## TASK INPUT

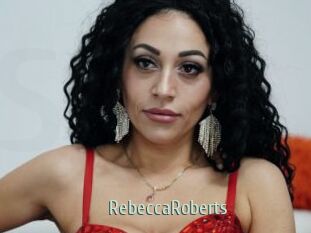 RebeccaRoberts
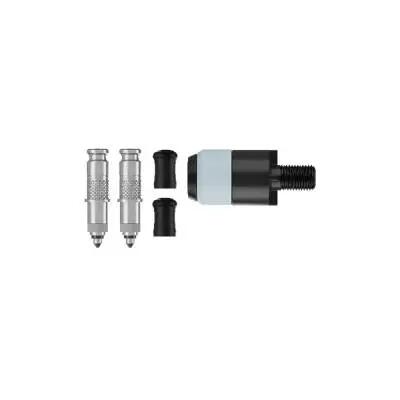 Sks Clikvalve Conversion Set Woods With Sks Adapter For Pump Heads 1/7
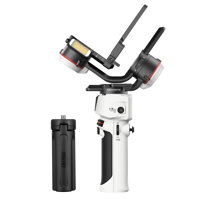 

Zhiyun CRANE-M3 3-Axis Handheld Gimbal Stabilizer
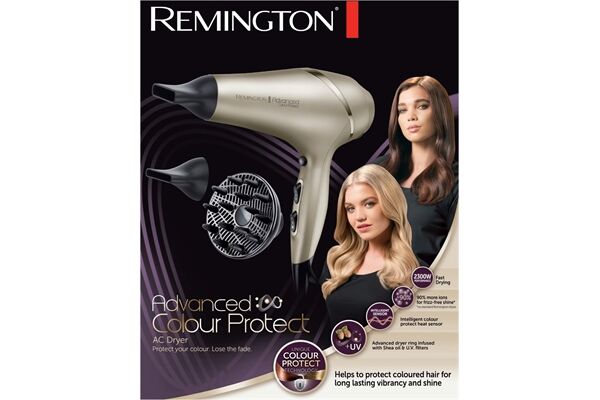 Remington AC8605 Advanced Colour Protect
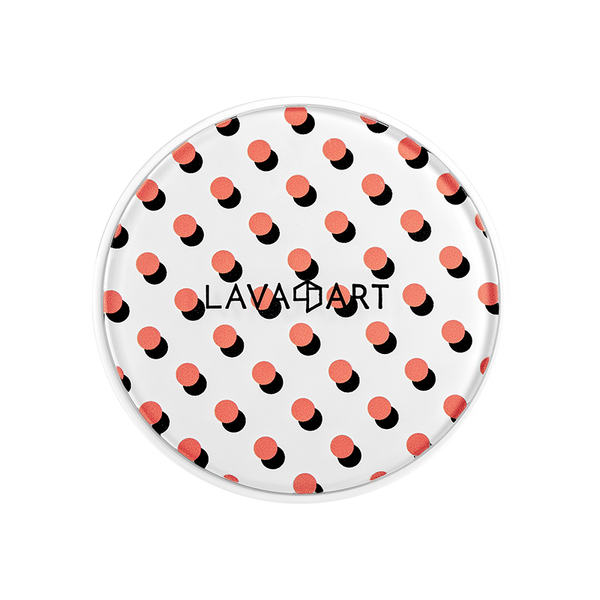 Cushion Foundation-fodral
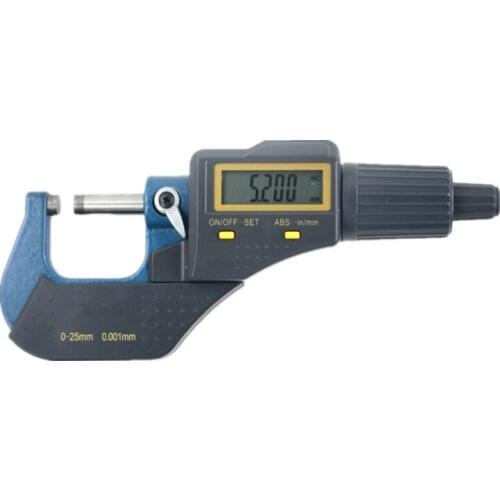 Niusiwen Micrometers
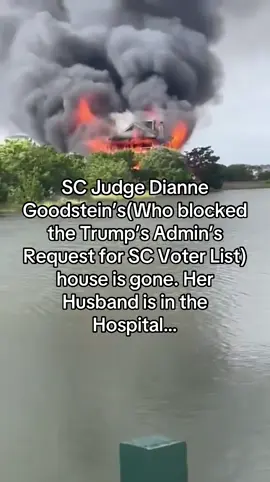 #Trump is either unwilling or unable to calm things down in the US. #republican #democrat #maga #USA 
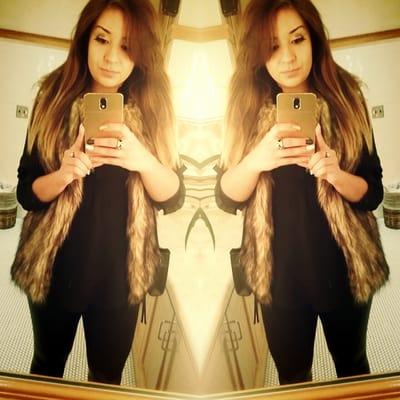 Photo of Stephanie H.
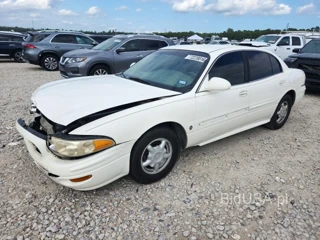 BUICK LESABRE CUSTOM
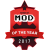 Mod of the Year 2017 Top 100
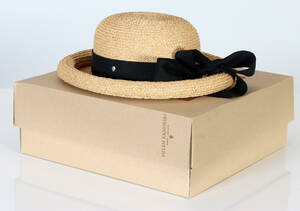 HELEN KAMINSKI, HATT
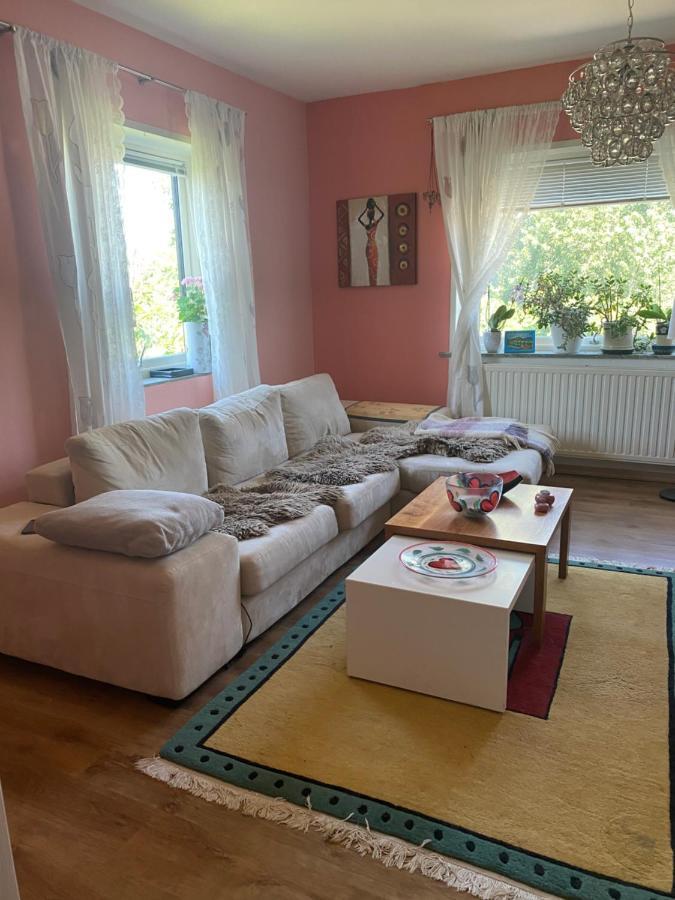 Anita Villa Kristianstad Buitenkant foto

## DIRECTIONS
A verbatim copy of every record above is required, with all pictures omitted.

## SOLUTION TO THE PROBLEM
 RebeccaRoberts
 Sks Clikvalve Conversion Set Woods With Sks Adapter For Pump Heads 1/7

Zhiyun CRANE-M3 3-Axis Handheld Gimbal Stabilizer
 Remington AC8605 Advanced Colour Protect
 Cushion Foundation-fodral
 Niusiwen Micrometers
 #Trump is either unwilling or unable to calm things down in the US. #republican #democrat #maga #USA 
 Photo of Stephanie H.
 BUICK LESABRE CUSTOM
 Mod of the Year 2017 Top 100
 HELEN KAMINSKI, HATT
 Anita Villa Kristianstad Buitenkant foto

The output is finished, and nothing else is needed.